PROBLEM
Copy the listing out in full. Keep every word as it is.

DATA TO PROCESS

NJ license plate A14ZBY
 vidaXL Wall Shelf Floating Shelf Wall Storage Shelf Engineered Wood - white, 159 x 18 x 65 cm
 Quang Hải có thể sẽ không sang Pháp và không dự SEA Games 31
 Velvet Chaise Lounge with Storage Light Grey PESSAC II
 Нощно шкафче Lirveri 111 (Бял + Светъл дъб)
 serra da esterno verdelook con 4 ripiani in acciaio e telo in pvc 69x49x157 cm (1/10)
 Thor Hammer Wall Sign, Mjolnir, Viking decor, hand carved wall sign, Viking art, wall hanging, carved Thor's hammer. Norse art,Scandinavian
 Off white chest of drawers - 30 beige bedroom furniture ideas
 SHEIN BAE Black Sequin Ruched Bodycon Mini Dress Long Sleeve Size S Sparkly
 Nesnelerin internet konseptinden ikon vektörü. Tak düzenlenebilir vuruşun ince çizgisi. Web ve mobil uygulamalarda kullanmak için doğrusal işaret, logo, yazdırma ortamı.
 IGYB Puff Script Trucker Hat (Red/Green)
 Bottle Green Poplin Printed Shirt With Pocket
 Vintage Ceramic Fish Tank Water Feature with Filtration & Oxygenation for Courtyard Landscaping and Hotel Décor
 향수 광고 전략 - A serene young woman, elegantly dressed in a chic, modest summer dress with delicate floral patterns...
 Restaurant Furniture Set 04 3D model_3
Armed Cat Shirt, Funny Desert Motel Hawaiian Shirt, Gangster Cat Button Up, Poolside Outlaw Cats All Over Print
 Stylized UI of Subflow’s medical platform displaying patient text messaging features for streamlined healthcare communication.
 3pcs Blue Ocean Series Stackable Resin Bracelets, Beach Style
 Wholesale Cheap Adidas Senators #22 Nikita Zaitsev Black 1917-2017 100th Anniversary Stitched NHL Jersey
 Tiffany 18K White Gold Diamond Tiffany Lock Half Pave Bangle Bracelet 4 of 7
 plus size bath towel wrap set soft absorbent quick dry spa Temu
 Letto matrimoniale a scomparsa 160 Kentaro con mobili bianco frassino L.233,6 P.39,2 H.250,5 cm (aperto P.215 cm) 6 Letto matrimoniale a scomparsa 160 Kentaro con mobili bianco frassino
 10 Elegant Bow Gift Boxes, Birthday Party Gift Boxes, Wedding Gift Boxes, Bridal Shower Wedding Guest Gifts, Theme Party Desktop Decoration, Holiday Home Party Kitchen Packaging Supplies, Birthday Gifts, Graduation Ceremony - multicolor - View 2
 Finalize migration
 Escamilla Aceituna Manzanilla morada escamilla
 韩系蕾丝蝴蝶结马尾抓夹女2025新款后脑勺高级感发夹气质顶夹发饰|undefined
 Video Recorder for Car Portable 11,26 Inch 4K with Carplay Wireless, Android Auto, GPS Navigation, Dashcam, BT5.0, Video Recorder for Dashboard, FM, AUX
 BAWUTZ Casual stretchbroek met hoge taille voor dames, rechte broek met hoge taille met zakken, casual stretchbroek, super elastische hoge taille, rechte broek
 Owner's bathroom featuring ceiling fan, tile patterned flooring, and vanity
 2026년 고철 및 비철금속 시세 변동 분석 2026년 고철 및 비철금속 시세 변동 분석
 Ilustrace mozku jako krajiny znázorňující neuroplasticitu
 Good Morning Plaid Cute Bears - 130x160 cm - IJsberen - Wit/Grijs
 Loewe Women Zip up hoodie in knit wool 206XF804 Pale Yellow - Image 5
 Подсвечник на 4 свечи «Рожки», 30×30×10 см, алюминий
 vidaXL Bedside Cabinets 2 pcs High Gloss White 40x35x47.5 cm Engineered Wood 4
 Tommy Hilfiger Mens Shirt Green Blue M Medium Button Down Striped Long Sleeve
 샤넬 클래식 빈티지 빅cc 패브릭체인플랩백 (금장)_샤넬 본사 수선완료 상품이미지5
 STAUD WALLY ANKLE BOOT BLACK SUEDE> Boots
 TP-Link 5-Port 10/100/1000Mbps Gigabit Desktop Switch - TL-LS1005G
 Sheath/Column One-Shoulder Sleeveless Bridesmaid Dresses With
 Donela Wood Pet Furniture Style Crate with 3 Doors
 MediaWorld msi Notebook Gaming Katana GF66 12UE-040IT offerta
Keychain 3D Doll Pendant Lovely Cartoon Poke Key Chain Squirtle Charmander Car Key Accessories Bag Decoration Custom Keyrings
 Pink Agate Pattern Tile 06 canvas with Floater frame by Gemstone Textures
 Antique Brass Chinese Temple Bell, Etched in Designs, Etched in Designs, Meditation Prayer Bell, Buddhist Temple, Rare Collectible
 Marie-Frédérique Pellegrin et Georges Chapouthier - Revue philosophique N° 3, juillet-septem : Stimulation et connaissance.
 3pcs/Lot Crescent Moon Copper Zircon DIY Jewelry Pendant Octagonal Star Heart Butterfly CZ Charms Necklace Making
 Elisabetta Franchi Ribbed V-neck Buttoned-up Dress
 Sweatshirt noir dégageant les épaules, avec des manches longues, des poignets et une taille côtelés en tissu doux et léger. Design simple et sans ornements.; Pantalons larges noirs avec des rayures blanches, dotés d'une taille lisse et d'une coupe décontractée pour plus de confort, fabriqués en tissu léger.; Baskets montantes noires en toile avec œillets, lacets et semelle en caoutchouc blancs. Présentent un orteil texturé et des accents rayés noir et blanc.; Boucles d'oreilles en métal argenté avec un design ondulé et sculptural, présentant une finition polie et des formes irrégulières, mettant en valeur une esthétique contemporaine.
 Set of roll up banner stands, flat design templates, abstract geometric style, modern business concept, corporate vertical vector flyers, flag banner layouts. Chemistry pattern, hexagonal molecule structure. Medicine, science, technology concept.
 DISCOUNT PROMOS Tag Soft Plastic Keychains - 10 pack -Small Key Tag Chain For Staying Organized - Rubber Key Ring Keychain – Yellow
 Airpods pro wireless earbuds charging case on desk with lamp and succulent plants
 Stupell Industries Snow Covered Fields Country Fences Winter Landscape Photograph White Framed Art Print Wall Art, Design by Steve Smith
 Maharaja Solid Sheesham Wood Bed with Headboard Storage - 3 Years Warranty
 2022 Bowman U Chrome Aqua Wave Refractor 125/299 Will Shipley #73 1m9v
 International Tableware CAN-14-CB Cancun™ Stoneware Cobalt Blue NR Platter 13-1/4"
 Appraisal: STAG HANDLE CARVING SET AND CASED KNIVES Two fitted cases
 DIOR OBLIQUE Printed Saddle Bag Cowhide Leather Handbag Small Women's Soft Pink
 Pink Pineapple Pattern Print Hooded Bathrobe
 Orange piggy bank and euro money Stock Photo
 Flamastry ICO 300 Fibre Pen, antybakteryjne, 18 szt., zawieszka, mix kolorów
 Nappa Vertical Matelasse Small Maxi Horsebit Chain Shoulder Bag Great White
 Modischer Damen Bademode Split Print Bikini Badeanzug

TASK SOLUTION
NJ license plate A14ZBY
 vidaXL Wall Shelf Floating Shelf Wall Storage Shelf Engineered Wood - white, 159 x 18 x 65 cm
 Quang Hải có thể sẽ không sang Pháp và không dự SEA Games 31
 Velvet Chaise Lounge with Storage Light Grey PESSAC II
 Нощно шкафче Lirveri 111 (Бял + Светъл дъб)
 serra da esterno verdelook con 4 ripiani in acciaio e telo in pvc 69x49x157 cm (1/10)
 Thor Hammer Wall Sign, Mjolnir, Viking decor, hand carved wall sign, Viking art, wall hanging, carved Thor's hammer. Norse art,Scandinavian
 Off white chest of drawers - 30 beige bedroom furniture ideas
 SHEIN BAE Black Sequin Ruched Bodycon Mini Dress Long Sleeve Size S Sparkly
 Nesnelerin internet konseptinden ikon vektörü. Tak düzenlenebilir vuruşun ince çizgisi. Web ve mobil uygulamalarda kullanmak için doğrusal işaret, logo, yazdırma ortamı.
 IGYB Puff Script Trucker Hat (Red/Green)
 Bottle Green Poplin Printed Shirt With Pocket
 Vintage Ceramic Fish Tank Water Feature with Filtration & Oxygenation for Courtyard Landscaping and Hotel Décor
 향수 광고 전략 - A serene young woman, elegantly dressed in a chic, modest summer dress with delicate floral patterns...
 Restaurant Furniture Set 04 3D model_3
Armed Cat Shirt, Funny Desert Motel Hawaiian Shirt, Gangster Cat Button Up, Poolside Outlaw Cats All Over Print
 Stylized UI of Subflow’s medical platform displaying patient text messaging features for streamlined healthcare communication.
 3pcs Blue Ocean Series Stackable Resin Bracelets, Beach Style
 Wholesale Cheap Adidas Senators #22 Nikita Zaitsev Black 1917-2017 100th Anniversary Stitched NHL Jersey
 Tiffany 18K White Gold Diamond Tiffany Lock Half Pave Bangle Bracelet 4 of 7
 plus size bath towel wrap set soft absorbent quick dry spa Temu
 Letto matrimoniale a scomparsa 160 Kentaro con mobili bianco frassino L.233,6 P.39,2 H.250,5 cm (aperto P.215 cm) 6 Letto matrimoniale a scomparsa 160 Kentaro con mobili bianco frassino
 10 Elegant Bow Gift Boxes, Birthday Party Gift Boxes, Wedding Gift Boxes, Bridal Shower Wedding Guest Gifts, Theme Party Desktop Decoration, Holiday Home Party Kitchen Packaging Supplies, Birthday Gifts, Graduation Ceremony - multicolor - View 2
 Finalize migration
 Escamilla Aceituna Manzanilla morada escamilla
 韩系蕾丝蝴蝶结马尾抓夹女2025新款后脑勺高级感发夹气质顶夹发饰|undefined
 Video Recorder for Car Portable 11,26 Inch 4K with Carplay Wireless, Android Auto, GPS Navigation, Dashcam, BT5.0, Video Recorder for Dashboard, FM, AUX
 BAWUTZ Casual stretchbroek met hoge taille voor dames, rechte broek met hoge taille met zakken, casual stretchbroek, super elastische hoge taille, rechte broek
 Owner's bathroom featuring ceiling fan, tile patterned flooring, and vanity
 2026년 고철 및 비철금속 시세 변동 분석 2026년 고철 및 비철금속 시세 변동 분석
 Ilustrace mozku jako krajiny znázorňující neuroplasticitu
 Good Morning Plaid Cute Bears - 130x160 cm - IJsberen - Wit/Grijs
 Loewe Women Zip up hoodie in knit wool 206XF804 Pale Yellow - Image 5
 Подсвечник на 4 свечи «Рожки», 30×30×10 см, алюминий
 vidaXL Bedside Cabinets 2 pcs High Gloss White 40x35x47.5 cm Engineered Wood 4
 Tommy Hilfiger Mens Shirt Green Blue M Medium Button Down Striped Long Sleeve
 샤넬 클래식 빈티지 빅cc 패브릭체인플랩백 (금장)_샤넬 본사 수선완료 상품이미지5
 STAUD WALLY ANKLE BOOT BLACK SUEDE> Boots
 TP-Link 5-Port 10/100/1000Mbps Gigabit Desktop Switch - TL-LS1005G
 Sheath/Column One-Shoulder Sleeveless Bridesmaid Dresses With
 Donela Wood Pet Furniture Style Crate with 3 Doors
 MediaWorld msi Notebook Gaming Katana GF66 12UE-040IT offerta
Keychain 3D Doll Pendant Lovely Cartoon Poke Key Chain Squirtle Charmander Car Key Accessories Bag Decoration Custom Keyrings
 Pink Agate Pattern Tile 06 canvas with Floater frame by Gemstone Textures
 Antique Brass Chinese Temple Bell, Etched in Designs, Etched in Designs, Meditation Prayer Bell, Buddhist Temple, Rare Collectible
 Marie-Frédérique Pellegrin et Georges Chapouthier - Revue philosophique N° 3, juillet-septem : Stimulation et connaissance.
 3pcs/Lot Crescent Moon Copper Zircon DIY Jewelry Pendant Octagonal Star Heart Butterfly CZ Charms Necklace Making
 Elisabetta Franchi Ribbed V-neck Buttoned-up Dress
 Sweatshirt noir dégageant les épaules, avec des manches longues, des poignets et une taille côtelés en tissu doux et léger. Design simple et sans ornements.; Pantalons larges noirs avec des rayures blanches, dotés d'une taille lisse et d'une coupe décontractée pour plus de confort, fabriqués en tissu léger.; Baskets montantes noires en toile avec œillets, lacets et semelle en caoutchouc blancs. Présentent un orteil texturé et des accents rayés noir et blanc.; Boucles d'oreilles en métal argenté avec un design ondulé et sculptural, présentant une finition polie et des formes irrégulières, mettant en valeur une esthétique contemporaine.
 Set of roll up banner stands, flat design templates, abstract geometric style, modern business concept, corporate vertical vector flyers, flag banner layouts. Chemistry pattern, hexagonal molecule structure. Medicine, science, technology concept.
 DISCOUNT PROMOS Tag Soft Plastic Keychains - 10 pack -Small Key Tag Chain For Staying Organized - Rubber Key Ring Keychain – Yellow
 Airpods pro wireless earbuds charging case on desk with lamp and succulent plants
 Stupell Industries Snow Covered Fields Country Fences Winter Landscape Photograph White Framed Art Print Wall Art, Design by Steve Smith
 Maharaja Solid Sheesham Wood Bed with Headboard Storage - 3 Years Warranty
 2022 Bowman U Chrome Aqua Wave Refractor 125/299 Will Shipley #73 1m9v
 International Tableware CAN-14-CB Cancun™ Stoneware Cobalt Blue NR Platter 13-1/4"
 Appraisal: STAG HANDLE CARVING SET AND CASED KNIVES Two fitted cases
 DIOR OBLIQUE Printed Saddle Bag Cowhide Leather Handbag Small Women's Soft Pink
 Pink Pineapple Pattern Print Hooded Bathrobe
 Orange piggy bank and euro money Stock Photo
 Flamastry ICO 300 Fibre Pen, antybakteryjne, 18 szt., zawieszka, mix kolorów
 Nappa Vertical Matelasse Small Maxi Horsebit Chain Shoulder Bag Great White
 Modischer Damen Bademode Split Print Bikini Badeanzug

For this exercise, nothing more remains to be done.